Transcribe the records word for word. Leave every picture out.

[Task material]
※ ※ ※

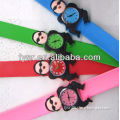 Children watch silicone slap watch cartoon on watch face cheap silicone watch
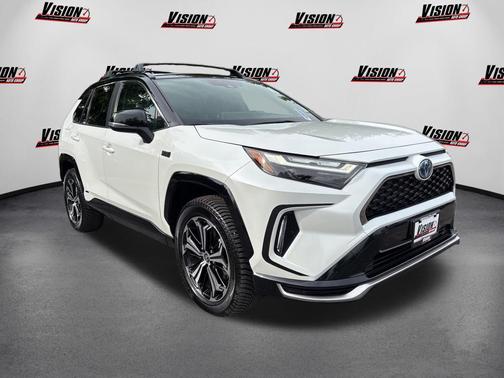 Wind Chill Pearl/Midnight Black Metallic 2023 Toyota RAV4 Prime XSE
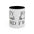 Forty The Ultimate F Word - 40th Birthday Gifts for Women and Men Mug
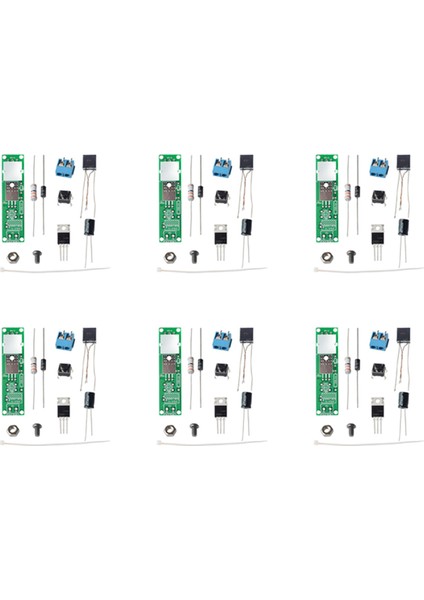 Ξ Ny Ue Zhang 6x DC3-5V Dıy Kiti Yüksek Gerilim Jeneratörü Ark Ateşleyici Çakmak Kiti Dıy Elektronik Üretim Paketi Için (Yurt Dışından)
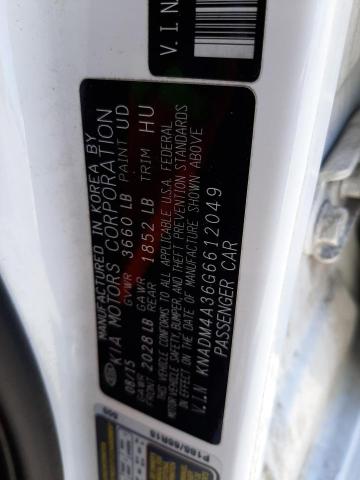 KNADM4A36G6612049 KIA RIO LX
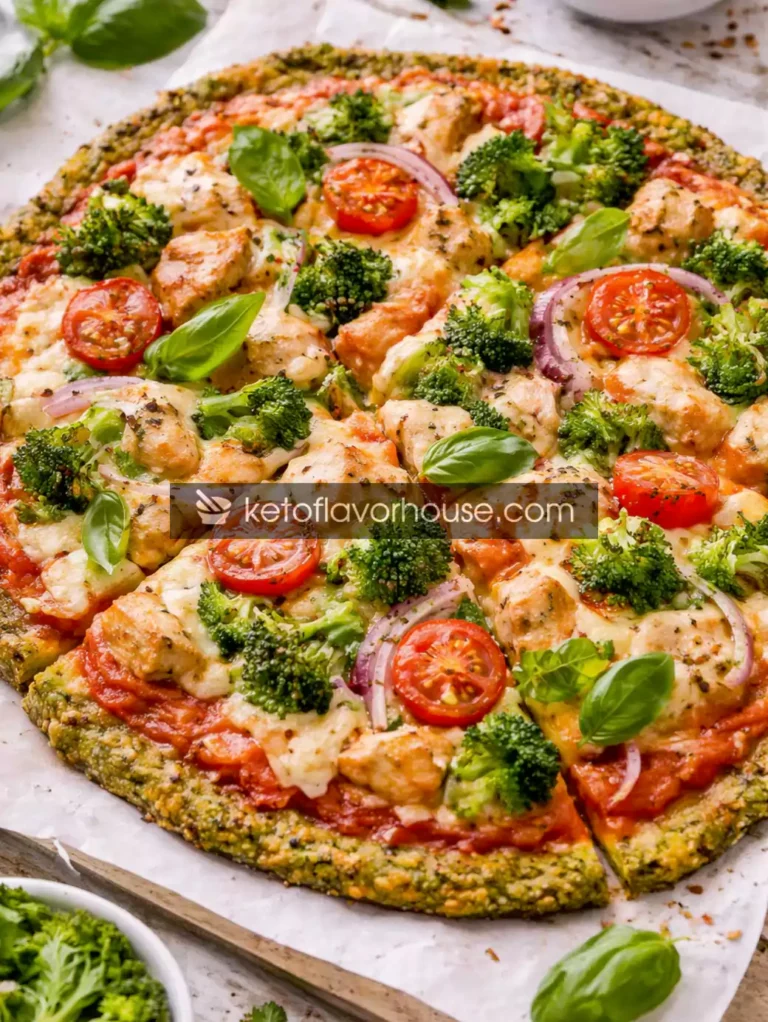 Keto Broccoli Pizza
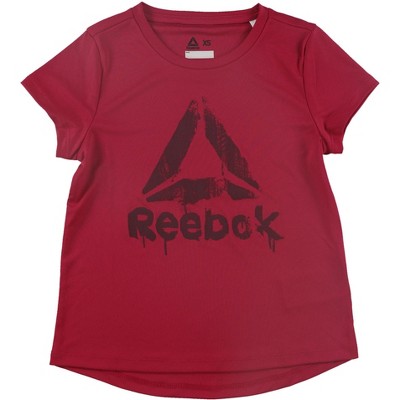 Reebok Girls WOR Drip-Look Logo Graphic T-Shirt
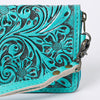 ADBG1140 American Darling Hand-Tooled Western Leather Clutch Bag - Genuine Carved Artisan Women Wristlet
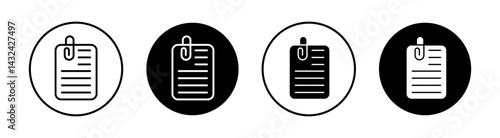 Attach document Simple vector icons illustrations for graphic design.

※ ※ ※

[Answer section]
 Children watch silicone slap watch cartoon on watch face cheap silicone watch
 Wind Chill Pearl/Midnight Black Metallic 2023 Toyota RAV4 Prime XSE
 Forty The Ultimate F Word - 40th Birthday Gifts for Women and Men Mug
 Ξ Ny Ue Zhang 6x DC3-5V Dıy Kiti Yüksek Gerilim Jeneratörü Ark Ateşleyici Çakmak Kiti Dıy Elektronik Üretim Paketi Için (Yurt Dışından)
 KNADM4A36G6612049 KIA RIO LX
 Keto Broccoli Pizza
 Reebok Girls WOR Drip-Look Logo Graphic T-Shirt
 ADBG1140 American Darling Hand-Tooled Western Leather Clutch Bag - Genuine Carved Artisan Women Wristlet
 Attach document Simple vector icons illustrations for graphic design.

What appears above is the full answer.